Henrico County has flipped from a majority-Republican to a majority-Democrat board of supervisors. That could be a good thing or a bad thing, depending. If Democrats nudge the county toward more rational, Smart Growth-like land use patterns — more infill, more density, more mixed use, more walkability — it could be a good thing. If they push the county into ill-thought-out spending initiatives, it could be a bad thing.

Based on the Richmond Times-Dispatch’s coverage of a two-day board retreat, it looks like spending will top the list. The three Democratic members of the board indicated their desire to expand the GRTC (Greater Richmond Transit Company) Route 19 to the Short Pump retail center at an estimated cost of $800,000 annually.

The purported benefit is greater access for job seekers. Tyrone E. Nelson, representing the Varina district at the east end of the county, said he could not understand why a county with a budget of nearly $1 billion had not yet devoted funds to bring bus service to the employment center. “I still don’t understand why it’s like pulling teeth to get public transportation to Short Pump. This is a 2018 need.”

His fellow Democrats expressed the same sentiment. “We’re not doing enough for job access,” said newly elected Courtney Lynch. “When you look at things we should spend money on, this should be something where we can get creative and get things done.”

Democrats and Republicans alike can agree that helping people gain access to jobs is a worthy goal. We want people to work so they can support themselves and their families. In Henrico County, the poorest residents tend to live in the far east end of the county, far from the affluent Short Pump commercial district where many jobs are available. GRTC already runs buses out Broad Street to Costco, and the expansion would extend the service a few miles more at seemingly modest cost.

That makes sense as a starting point for an inquiry: Hey, extending the bus line just a couple miles more would provide passengers access to a whole bunch of jobs they can’t reach now. Let’s take a closer look and see if it makes economic sense. From what I glean from the Times-Dispatch article and county documents, however, the supervisors skipped that let’s-see-if-it-makes-economic-sense step.

Henrico County Public Works has posted a slide presentation online covering proposed investments in roads, highways, sidewalks, bike trails, and mass transit. The slides contain a lot of information, but not everything that we, as citizens need to reach an informed conclusion. Perhaps the speaker making the slide presentation had more to say about the economics of bus service, but there is no indication of it in the Times-Dispatch article.

Let’s start with the map at atop this post. The big blue circle on the right is Mr. Nelson’s supervisor district. The small blue circle on the left is the Short Pump employment center. To get there, Nelson’s job-seeking constituents must take the bus into downtown Richmond where they would transfer to another bus running out to Short Pump.

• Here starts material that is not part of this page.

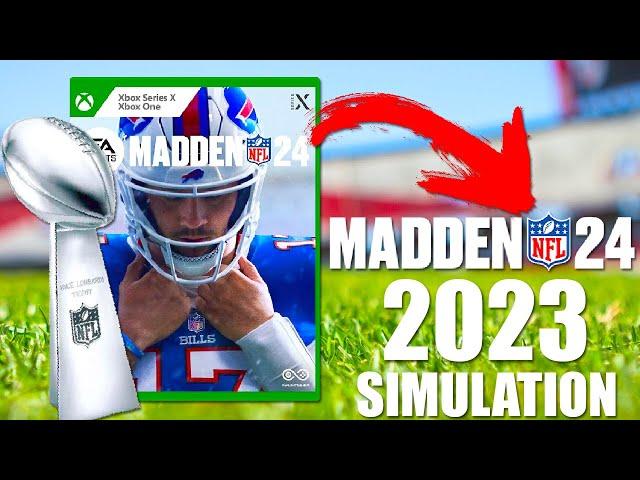 I Simulated The ENTIRE 2023 NFL Season In Madden 24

The first question is how many passengers avail themselves of the bus service to access retail and service jobs along Broad Street at present? One hundred a day? A thousand? Ten thousand? Presumably, existing passenger loads would give us an order-of-magnitude idea of what might be expected if we extended the line. Alas, existing passenger numbers are not provided.

The more pertinent question is how many additional passengers are projected to avail themselves of the bus service going all the way to Short Pump. Again, in orders of magnitude, are we walking about 100 passengers, 1,000, or 10,000? This would seem to be a critical matter because, if the new service costs $800,000 a year to operate to benefit 100 passengers daily, we’re talking about an annual subsidy of $8,000 per passenger — an extraordinary sum. Why not just buy each passenger a new car? If we’re talking about benefiting 10,000 passengers, then the subsidy is only $80 per passenger, a nominal sum in which the social and tax benefits clearly outweigh the expenditure. If we’re talking about something in between, then the decision is not so clear.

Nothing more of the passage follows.